If you’ve never trusted Christ as Savior, just understand that it is a great marvelous work of God, and if you haven’t, keep listening to this message because I want you to be encouraged in the direction of Jesus. You may be investigating Christianity and you are not in yet with Jesus, but you are listening. Keep listening. And for those who have trusted Christ, understand that the Spirit of God wants to inhabit us and He does not want to be grieved.

My chief text today is Ephesians 4:30. It says, “And do not grieve the Holy Spirit of God, by whom you were sealed for the day of redemption.” The last message in the series was entirely devoted to the sealing of the Spirit, so I am interested in that first phrase now–don’t grieve the Holy Spirit. The Spirit is very sensitive. He is likened unto a dove, because doves are sensitive birds, and the Spirit isn’t going to force Himself on you.

You see, one of the mistakes that we make is we think that because we have the Holy Spirit, we don’t have to seek Him, but of course, that’s wrong. In the Old Testament you remember David knew God very well, and yet he kept saying, “I seek the Lord.” Why? It’s in the process of seeking that we make ourselves blessable, where we deal with issues of insensitivity to the Spirit that He reveals to us, and it is there that we are pointed to Christ. It is the Spirit of God whom we must seek in His wholeness and great blessing.

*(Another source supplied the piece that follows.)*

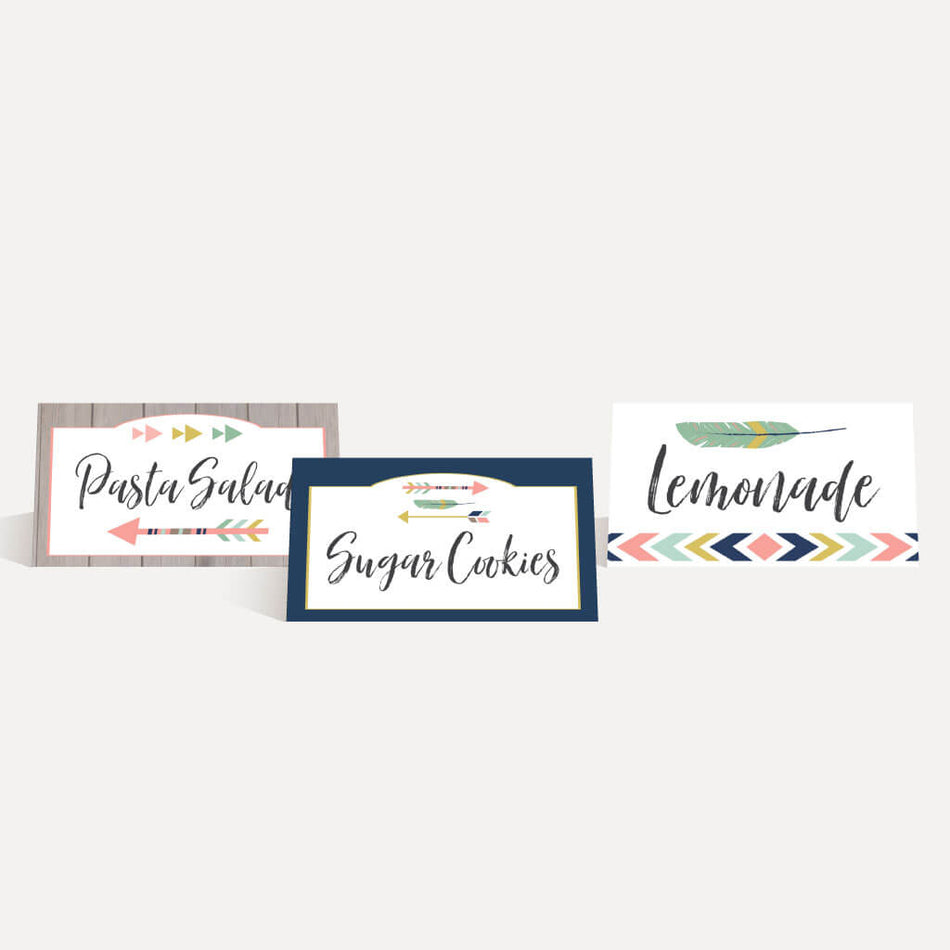 Aztec Adventure Girl Baby Shower Food Tent Cards Printable Template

So with that background and with our text in mind–Don’t grieve the Holy Spirit–what I’d like to do is to give you five transformations that conversion is to bring about in our hearts, and each of these will have a way in which we grieve the Spirit and the way in which we please the Spirit. Paul likens it unto putting off the old man, the old clothes, and putting on the new clothes so that that part within us that’s been created within us is a space for the Holy Spirit that He might feel at home and not grieved by our insensitivity and sin. So that’s the agenda: five different transformations that the Spirit brings about.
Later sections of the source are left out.